In celebration of the 40th anniversary of TIFF, I will be revisiting one film from each year I attended the festival. Please be aware that these discussions may include SPOILERS.
My fifth year attending the Toronto International Film Festival was the first where I saw a decent number of films. In fact, many of the ten films that I saw that year I wouldn’t have minded rewatching for this series, including Stuart Gordon’s Midnight Madness selection Stuck, Gus Van Sant’s Paranoid Park, the Houdini biopic Death Defining Acts, Gregg Araki’s Smiley Face, and Alan Ball’s Towelhead, then known as Nothing Is Private, which ended being the favourite film of the festival that year. Since I chose the films to rewatch based on ease of access, I ended up going with Todd Haynes’ Bob Dylan homage I’m Not There., which is still an interesting film to talk about.

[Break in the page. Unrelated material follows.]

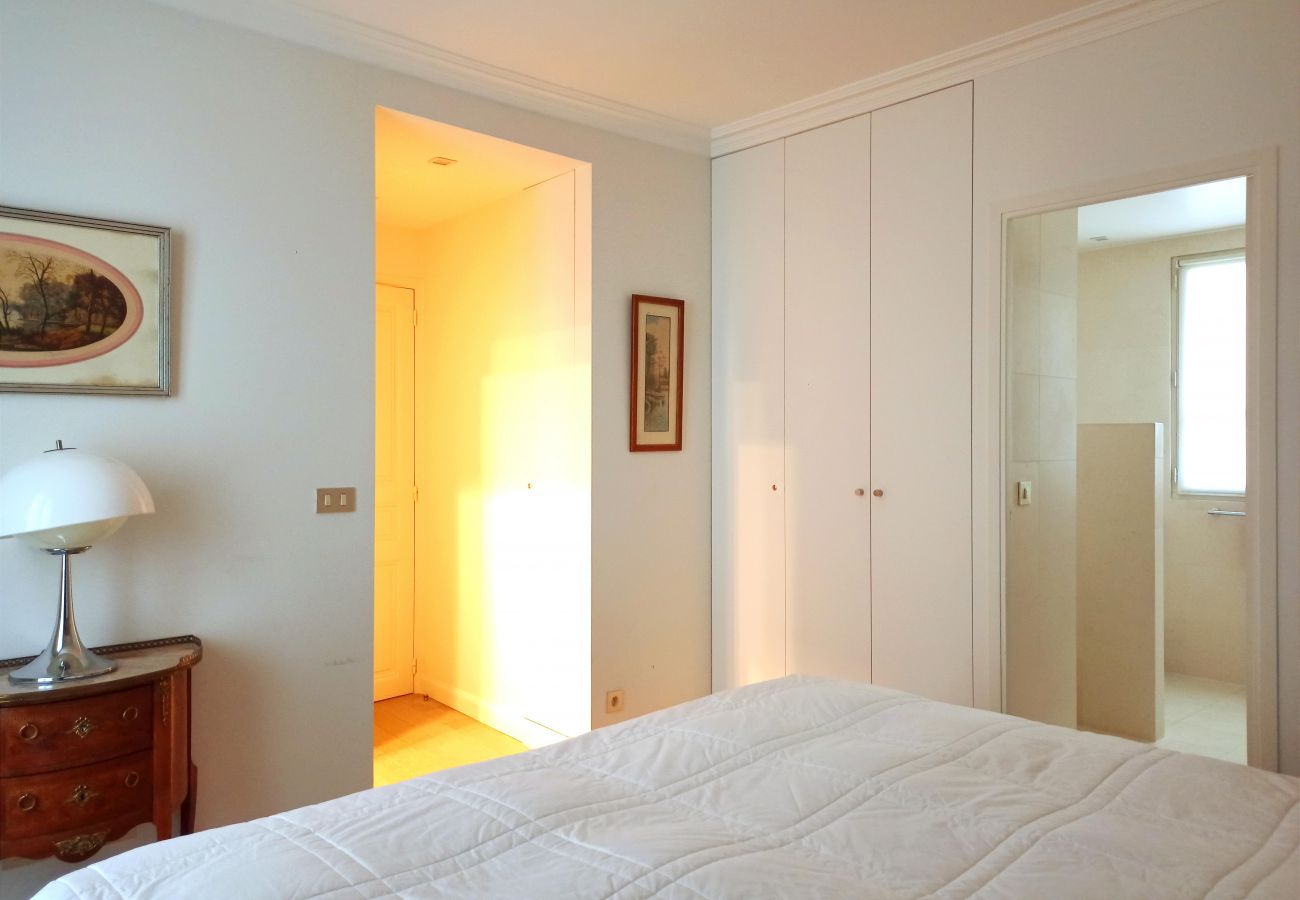 Apartment in Paris - Rue de l'Université - Paris 7 - 407036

I’m Not There. can probably be best described as an anti-biopic. While the film is based on events in Bob Dylan’s life, the film is ultimately a semi-fictionalized story about six individuals based on “the many lives of Bob Dylan:” Christian Bale plays Jack Rollins, representative of Dylan’s early acoustic folk days, who later becomes the born-again Christian Father John; Heath Ledger, in one of his final film roles, plays actor Robbie Clark, who is representative of Dylan during his divorce and the recording of the “Blood on the Tracks” album; Ben Wishaw plays Arthur Rimbaud, representative of Dylan as a poet; Richard Gere plays outlaw Billy the Kid, representative of Dylan’s acting role in the 1973 western Pat Garrett and Billy the Kid; Marcus Carl Franklin plays Woody, representative of Dylan’s youthful obsession with folk singer Woody Guthrie; Cate Blanchett, in the most infamous role of the film, plays Jude Quinn, who is representative of Dylan’s switch from acoustic folk to electric rock in the mid-1960s.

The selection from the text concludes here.